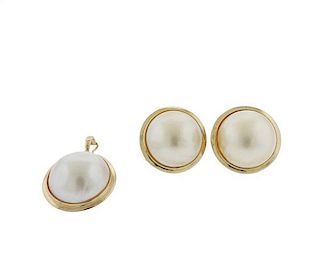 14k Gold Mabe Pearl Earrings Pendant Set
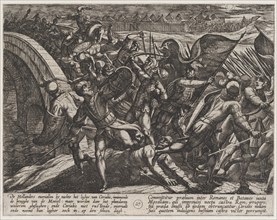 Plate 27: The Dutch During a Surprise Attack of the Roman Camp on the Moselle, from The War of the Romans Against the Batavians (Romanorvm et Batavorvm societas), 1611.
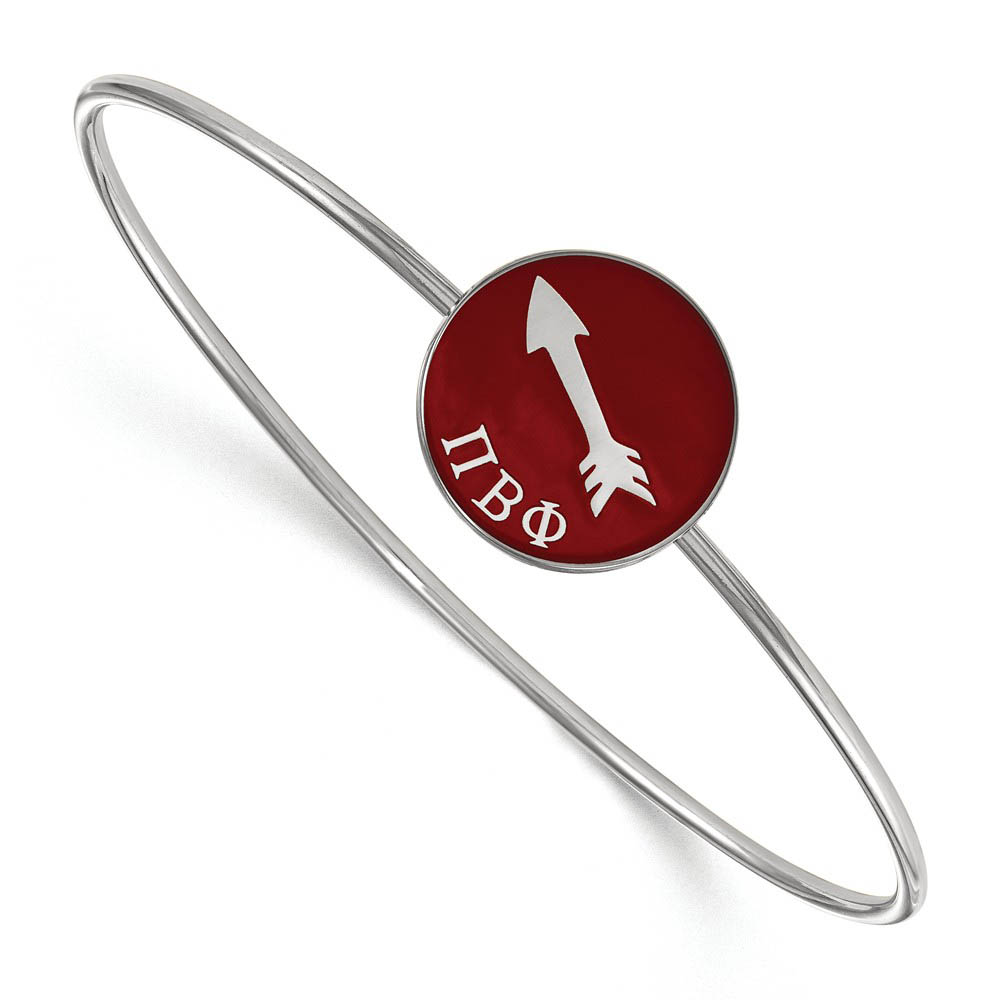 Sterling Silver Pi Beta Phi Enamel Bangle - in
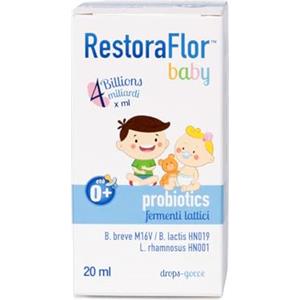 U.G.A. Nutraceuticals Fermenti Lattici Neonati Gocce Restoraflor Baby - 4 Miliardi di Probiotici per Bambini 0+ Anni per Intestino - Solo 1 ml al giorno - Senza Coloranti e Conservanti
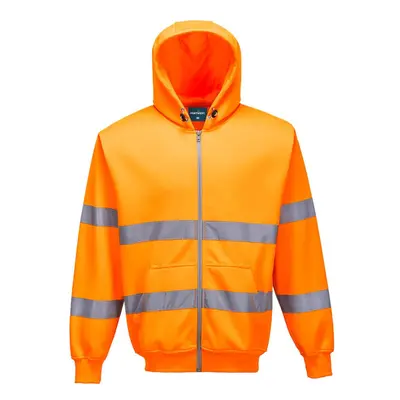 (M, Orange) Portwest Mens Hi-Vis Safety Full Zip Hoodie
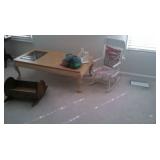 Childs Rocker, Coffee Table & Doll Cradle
○ ○ ○
_Task goal_: In the entries above, find the line containing "(M, Orange) Portwest". Transcribe it and every later line to the end, exactly, and leave out the pictures.

_Written answer_:
 (M, Orange) Portwest Mens Hi-Vis Safety Full Zip Hoodie
 Childs Rocker, Coffee Table & Doll Cradle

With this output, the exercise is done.